Extracted entries

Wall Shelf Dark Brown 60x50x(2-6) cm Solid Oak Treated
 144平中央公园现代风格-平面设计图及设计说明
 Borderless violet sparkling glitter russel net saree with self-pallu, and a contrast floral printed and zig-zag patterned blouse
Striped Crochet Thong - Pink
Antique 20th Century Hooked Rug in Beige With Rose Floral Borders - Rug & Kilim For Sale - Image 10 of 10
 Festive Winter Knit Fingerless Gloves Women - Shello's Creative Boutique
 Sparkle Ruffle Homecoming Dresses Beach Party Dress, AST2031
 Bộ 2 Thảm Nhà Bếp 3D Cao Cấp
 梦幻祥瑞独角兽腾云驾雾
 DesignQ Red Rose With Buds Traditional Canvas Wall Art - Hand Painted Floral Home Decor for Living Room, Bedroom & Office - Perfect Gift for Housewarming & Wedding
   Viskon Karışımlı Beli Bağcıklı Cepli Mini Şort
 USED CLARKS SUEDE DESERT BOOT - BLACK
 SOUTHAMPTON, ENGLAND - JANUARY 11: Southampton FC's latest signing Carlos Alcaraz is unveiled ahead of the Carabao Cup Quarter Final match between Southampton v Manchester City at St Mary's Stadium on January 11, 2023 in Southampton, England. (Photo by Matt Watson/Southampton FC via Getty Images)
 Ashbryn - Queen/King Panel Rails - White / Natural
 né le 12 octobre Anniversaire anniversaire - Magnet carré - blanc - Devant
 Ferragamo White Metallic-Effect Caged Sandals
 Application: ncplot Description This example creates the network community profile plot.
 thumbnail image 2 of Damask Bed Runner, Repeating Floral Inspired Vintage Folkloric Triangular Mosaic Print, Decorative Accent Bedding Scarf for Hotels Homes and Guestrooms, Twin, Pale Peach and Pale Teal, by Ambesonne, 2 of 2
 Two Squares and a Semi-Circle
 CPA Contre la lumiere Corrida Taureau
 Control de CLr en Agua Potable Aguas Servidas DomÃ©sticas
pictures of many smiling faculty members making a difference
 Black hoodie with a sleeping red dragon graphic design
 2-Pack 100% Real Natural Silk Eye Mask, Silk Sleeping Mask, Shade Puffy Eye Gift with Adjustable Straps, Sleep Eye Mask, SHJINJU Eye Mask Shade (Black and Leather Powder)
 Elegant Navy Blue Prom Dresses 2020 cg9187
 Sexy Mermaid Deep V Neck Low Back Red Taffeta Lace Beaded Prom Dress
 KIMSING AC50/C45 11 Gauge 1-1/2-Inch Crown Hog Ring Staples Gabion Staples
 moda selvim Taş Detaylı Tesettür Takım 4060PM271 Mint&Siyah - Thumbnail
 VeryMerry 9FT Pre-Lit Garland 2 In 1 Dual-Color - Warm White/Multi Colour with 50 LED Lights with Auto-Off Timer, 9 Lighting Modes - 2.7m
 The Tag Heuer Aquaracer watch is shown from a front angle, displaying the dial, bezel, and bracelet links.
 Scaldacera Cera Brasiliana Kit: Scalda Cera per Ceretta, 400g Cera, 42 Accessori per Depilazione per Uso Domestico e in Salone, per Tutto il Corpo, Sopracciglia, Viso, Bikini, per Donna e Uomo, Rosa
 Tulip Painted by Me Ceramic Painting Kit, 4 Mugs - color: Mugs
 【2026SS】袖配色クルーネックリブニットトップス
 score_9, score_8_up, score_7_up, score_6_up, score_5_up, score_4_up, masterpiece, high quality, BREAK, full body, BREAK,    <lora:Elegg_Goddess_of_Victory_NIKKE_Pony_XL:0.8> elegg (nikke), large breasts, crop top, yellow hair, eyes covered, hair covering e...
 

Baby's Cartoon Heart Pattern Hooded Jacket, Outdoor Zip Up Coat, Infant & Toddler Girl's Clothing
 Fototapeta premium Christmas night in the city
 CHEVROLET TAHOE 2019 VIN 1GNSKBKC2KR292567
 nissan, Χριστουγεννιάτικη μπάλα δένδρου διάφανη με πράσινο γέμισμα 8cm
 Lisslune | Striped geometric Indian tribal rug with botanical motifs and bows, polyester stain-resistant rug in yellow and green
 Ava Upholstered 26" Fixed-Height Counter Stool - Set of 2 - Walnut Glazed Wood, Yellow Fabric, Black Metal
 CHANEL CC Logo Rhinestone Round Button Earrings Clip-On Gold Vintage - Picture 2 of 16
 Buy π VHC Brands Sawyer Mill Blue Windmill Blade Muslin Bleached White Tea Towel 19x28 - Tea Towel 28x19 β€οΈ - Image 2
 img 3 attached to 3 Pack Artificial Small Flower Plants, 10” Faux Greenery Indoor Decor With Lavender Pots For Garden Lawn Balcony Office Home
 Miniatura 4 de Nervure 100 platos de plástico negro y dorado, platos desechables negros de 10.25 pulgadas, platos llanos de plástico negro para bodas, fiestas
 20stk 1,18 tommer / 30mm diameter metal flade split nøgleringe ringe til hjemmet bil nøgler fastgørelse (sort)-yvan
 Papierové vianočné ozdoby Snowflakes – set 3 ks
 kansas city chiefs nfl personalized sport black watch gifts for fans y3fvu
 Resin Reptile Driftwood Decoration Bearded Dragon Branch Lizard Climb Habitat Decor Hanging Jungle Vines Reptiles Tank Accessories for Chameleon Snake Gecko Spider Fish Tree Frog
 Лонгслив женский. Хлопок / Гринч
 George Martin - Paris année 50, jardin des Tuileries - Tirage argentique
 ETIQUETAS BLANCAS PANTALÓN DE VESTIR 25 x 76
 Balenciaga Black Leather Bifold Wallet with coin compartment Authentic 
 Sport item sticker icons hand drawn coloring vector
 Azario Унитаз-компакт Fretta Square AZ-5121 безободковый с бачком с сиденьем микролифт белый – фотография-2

What to do
Wherever the word "watch" occurs in a line of the listing, copy that line.

Exercise solution
 The Tag Heuer Aquaracer watch is shown from a front angle, displaying the dial, bezel, and bracelet links.
 kansas city chiefs nfl personalized sport black watch gifts for fans y3fvu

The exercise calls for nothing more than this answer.